* [Raw data]:

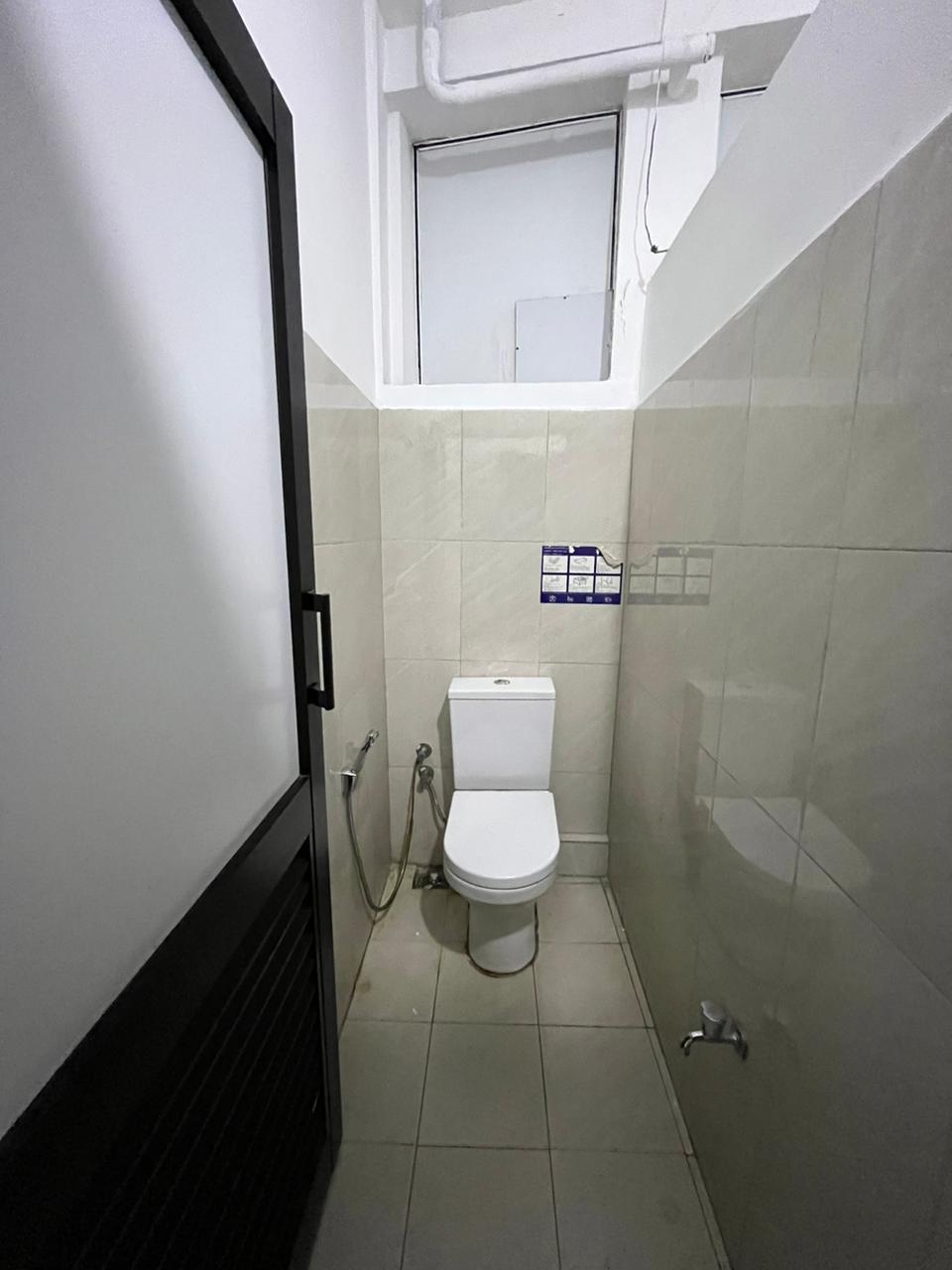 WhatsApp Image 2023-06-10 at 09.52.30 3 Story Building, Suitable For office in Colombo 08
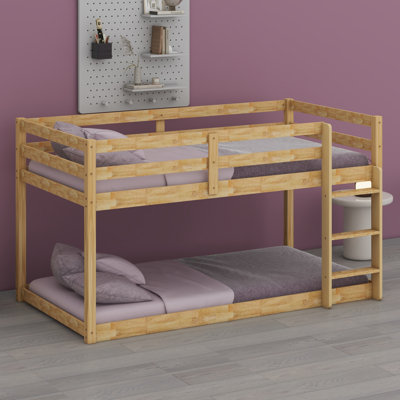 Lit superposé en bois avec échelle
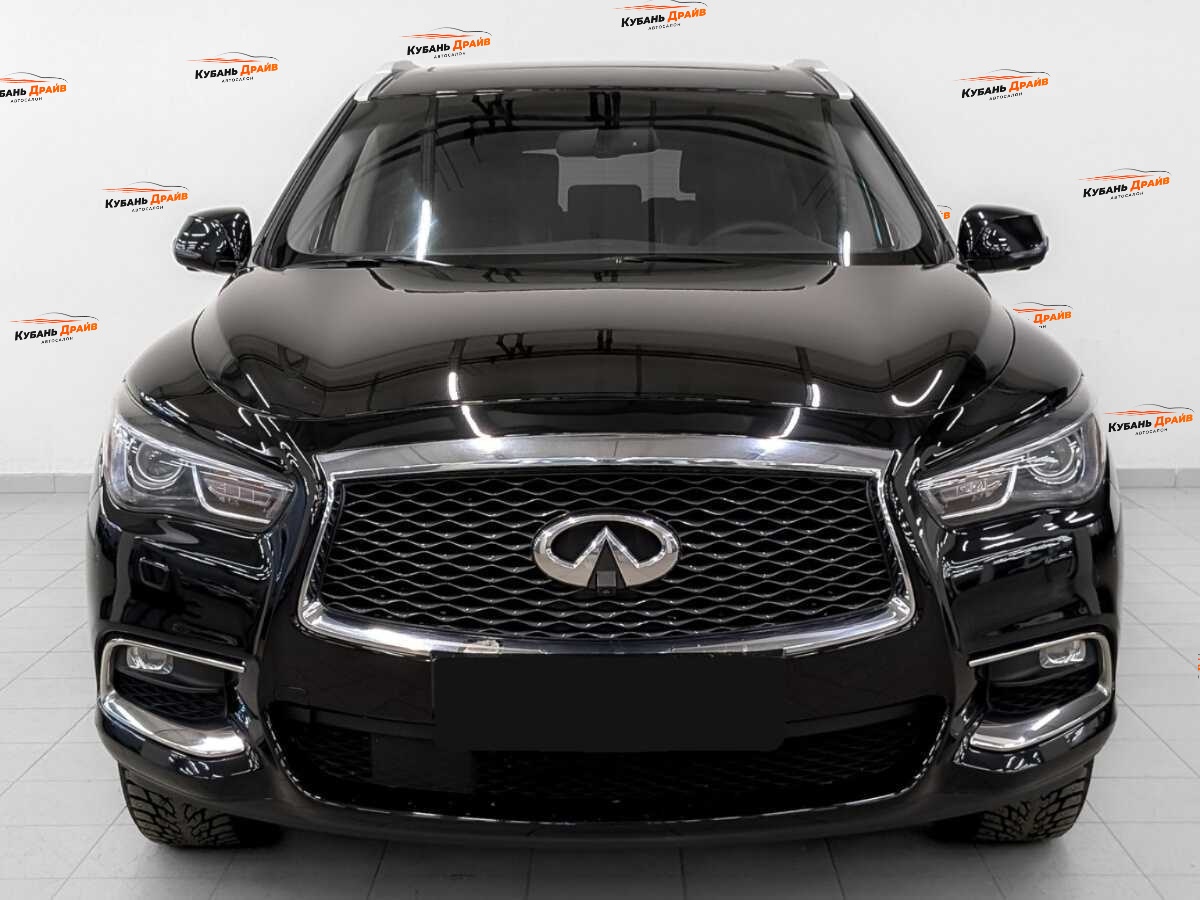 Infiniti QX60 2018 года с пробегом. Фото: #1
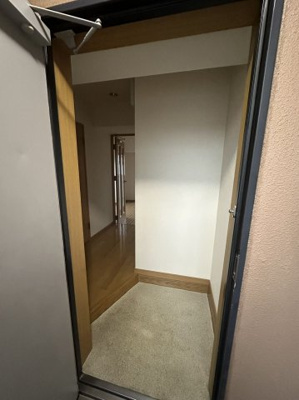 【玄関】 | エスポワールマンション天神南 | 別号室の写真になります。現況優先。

* [What the exercise asks]: Copy out the material above in full and exactly; its pictures are not to appear.

* [Answer to the exercise]:
 WhatsApp Image 2023-06-10 at 09.52.30 3 Story Building, Suitable For office in Colombo 08
 Lit superposé en bois avec échelle
 Infiniti QX60 2018 года с пробегом. Фото: #1
 【玄関】 | エスポワールマンション天神南 | 別号室の写真になります。現況優先。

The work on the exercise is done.